The demand for pickup trucks in the US rose sharply by 8% in June 2013 compared to last year fueled by growing housing demand.

The China gains are significant, considering that Toyota seems to be losing traction there.

Future Catalysts

Wall Street expects General Motors' financial performance to improve for the remaining second half of 2013, driven by GM's introduction of 13 new Chevrolet models in the U.S. as well as an additional 12 new models in other regions around the world. General Motor recently announced that it intends to operationalize 4 new plants in China by late 2015. This will boost overall production by at least 30% or 5 million units.

In a move aimed at trimming its losses in the European market, GM plans to close down its German factories in 2016 due to a slackening demand that has shown no signs of receding for six straight years. GM is also shifting its Opel Mokka production facility from its current South Korea location to Spain. Opel is GM's loss-leader in the European market. This might not be enough to completely turn around the company's European market; at least not according a research done by Barclays which revealed that GM is likely to face sequential deterioration in its European market with a few potential upsides that might be realized due to better pricing, improved inventory health and incremental production.
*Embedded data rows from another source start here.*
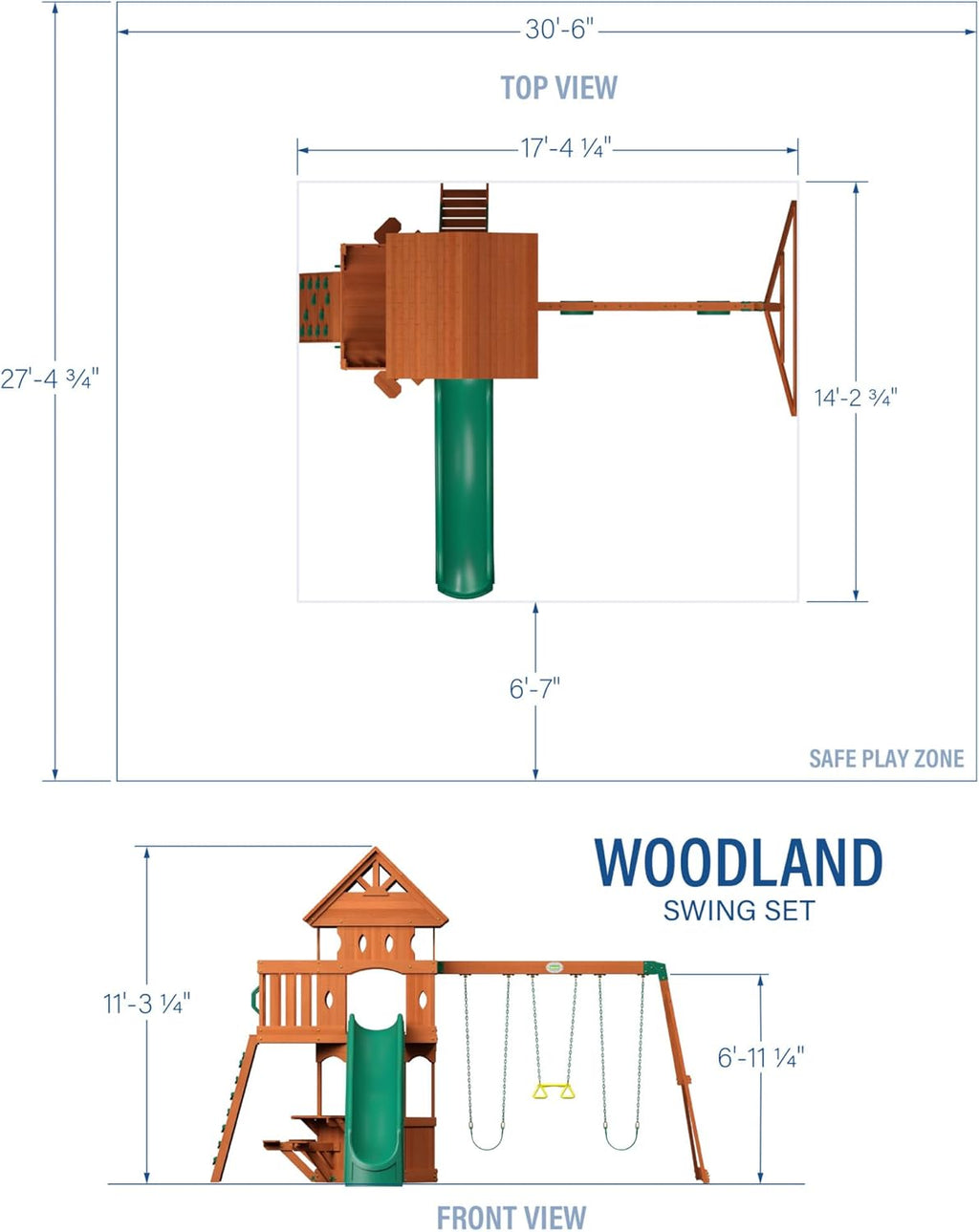 Cedar Wood Playset Swing Set G363306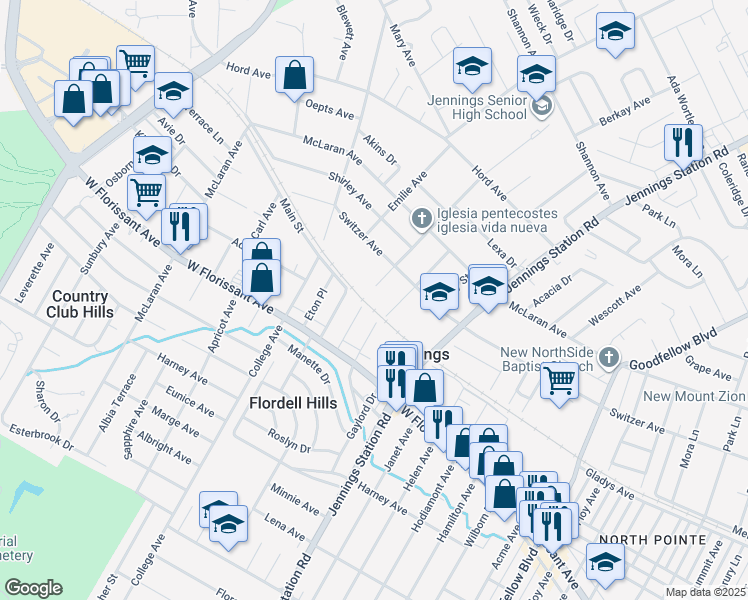 map of restaurants, bars, coffee shops, grocery stores, and more near 8502 Clifton Avenue in Jennings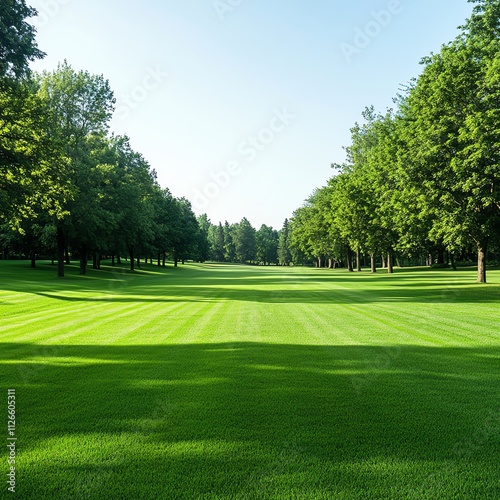 Beautiful green golf course with perfectly manicured lawns and lush trees.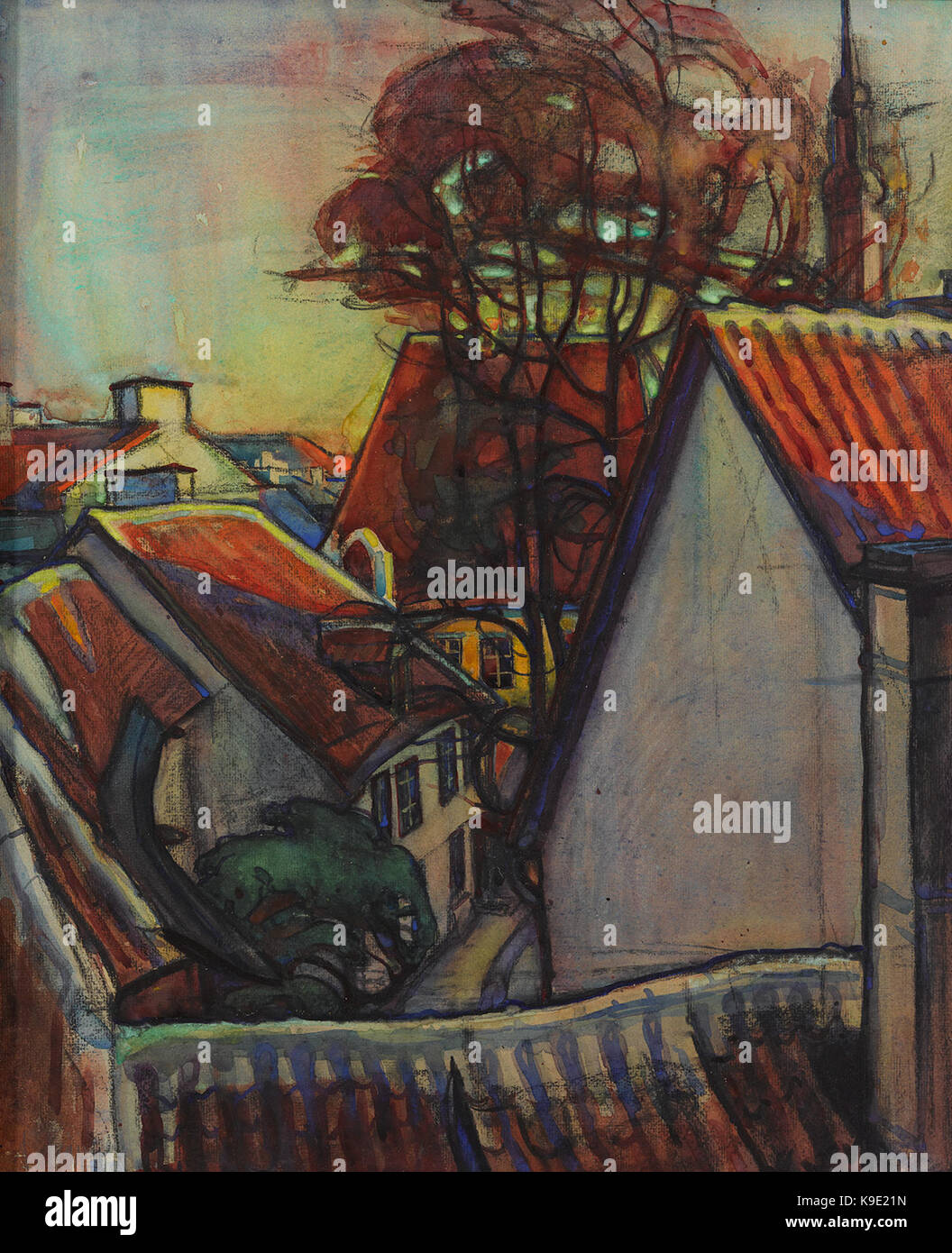 Nikolai Triik. Vaade aknast. 1914 Stockfoto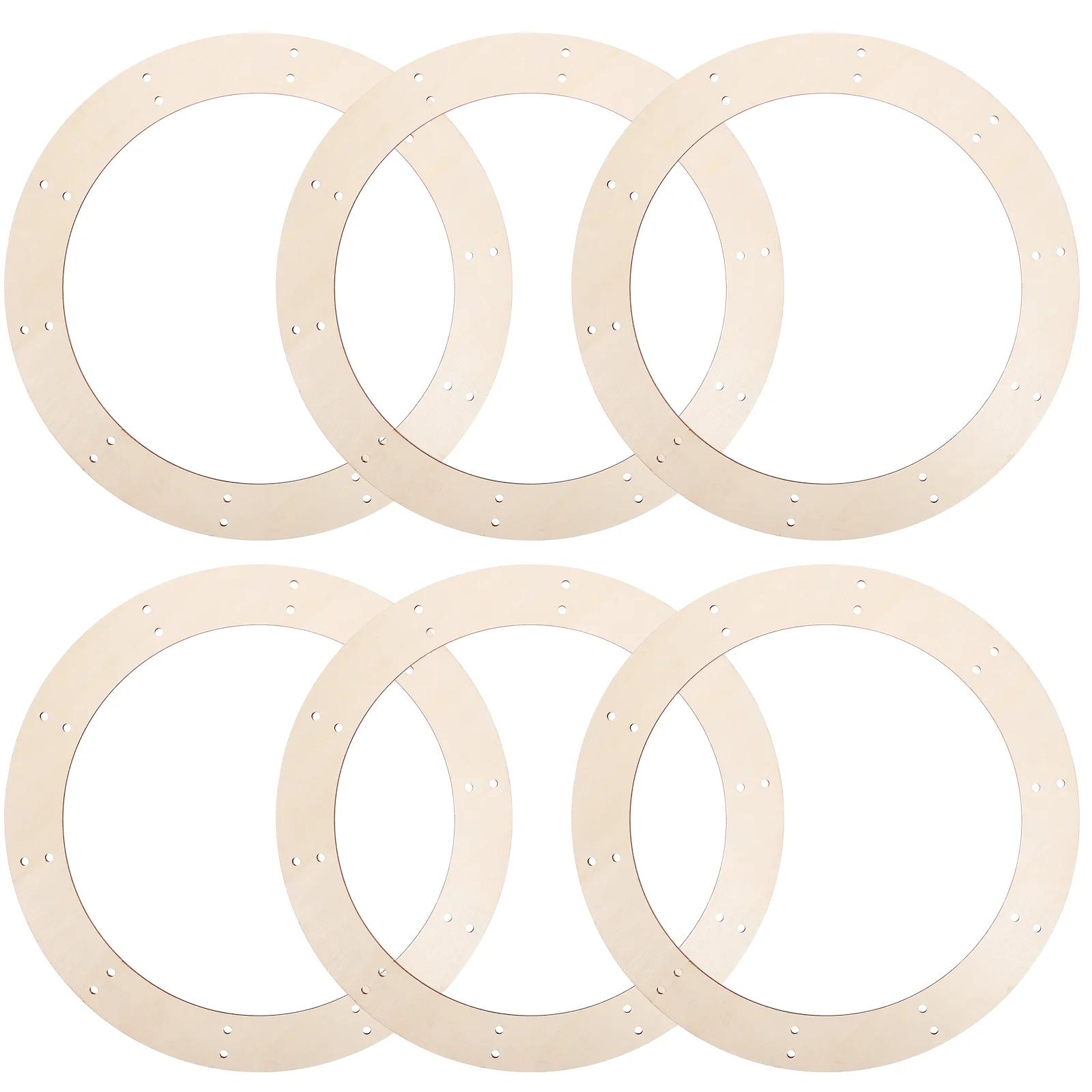 6 peças base de guirlanda de ornamento em branco 2000x2000x020cm moldura de guirlanda de madeira fazendo anéis - Image 1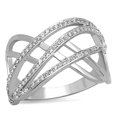 thumbnail image 1 of Bague en Laiton Rhodié pour Femmes avec AAA Grade CZ en Clair - Taille 8, 1 of 1
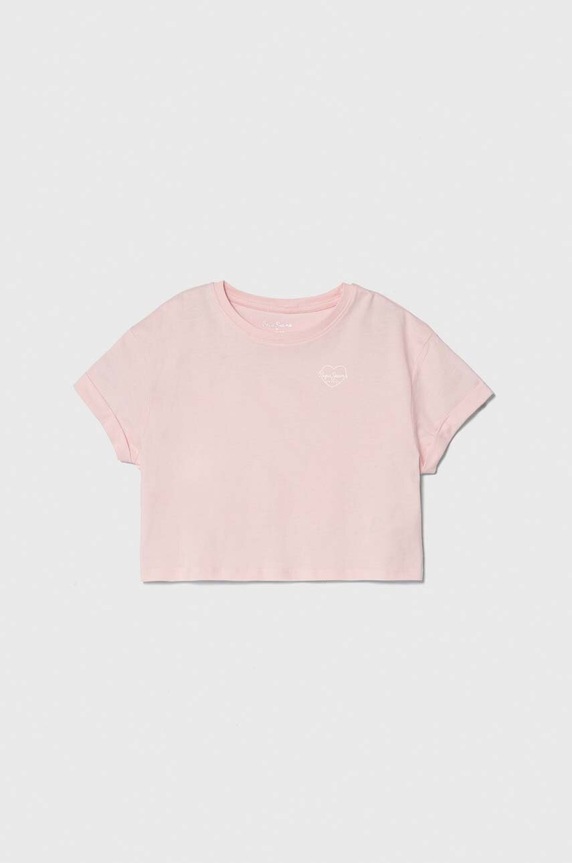 Pepe Jeans tricou de bumbac pentru copii NICKY print roz PG503070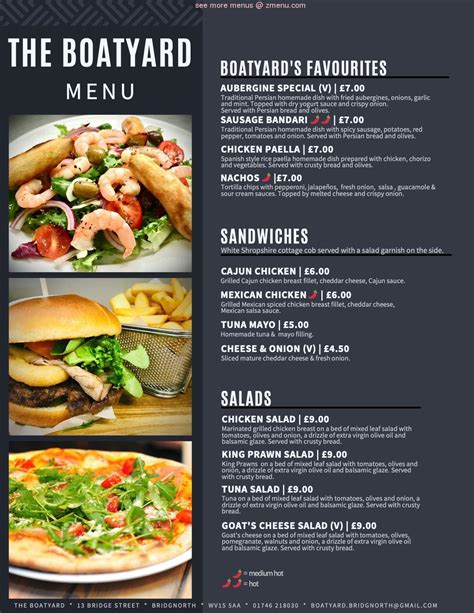 Online Menu of The Boatyard Restaurant, Bridgnorth, United Kingdom ...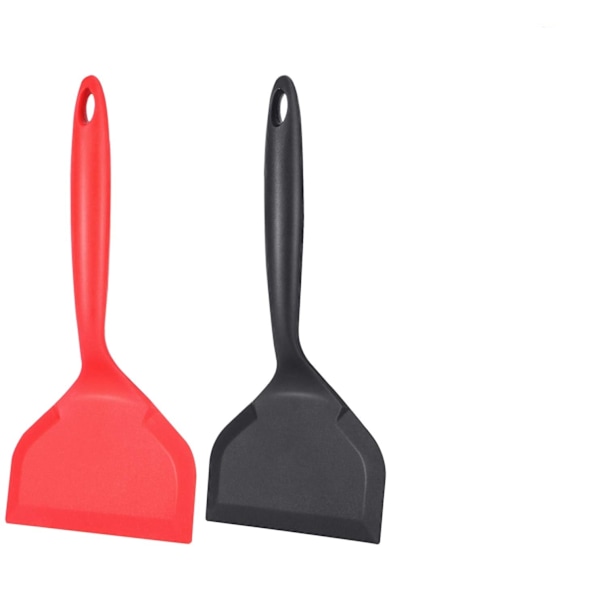 Non-stick Stekspade, Värmebeständigt Köksredskap, Bred Spatel för Non-Stick Kokkärl, Livsmedelsgodkänd Silikonvändare (2-pack)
GM continued to show why it is regarded as the top-dog, as far as heavy duty trucks are concerned, when it unveiled its 2015 Chevrolet Silverado HD and the GMC Sierra Denali HD. During the Texas State Fair.

Final Words

GM seems well-positioned to gain a more competitive edge in the increasingly lucrative emerging markets, particularly China, where demand is steadily growing. The ongoing improvement in sales volumes and better pricing will significantly improve the automaker's bottom-line. GM's European market segment is also gradually cutting its losses and might rebound around 2015. Demand for light trucks in the US is growing at a healthy pace. GM looks set to make a major comeback in the space of just a few years.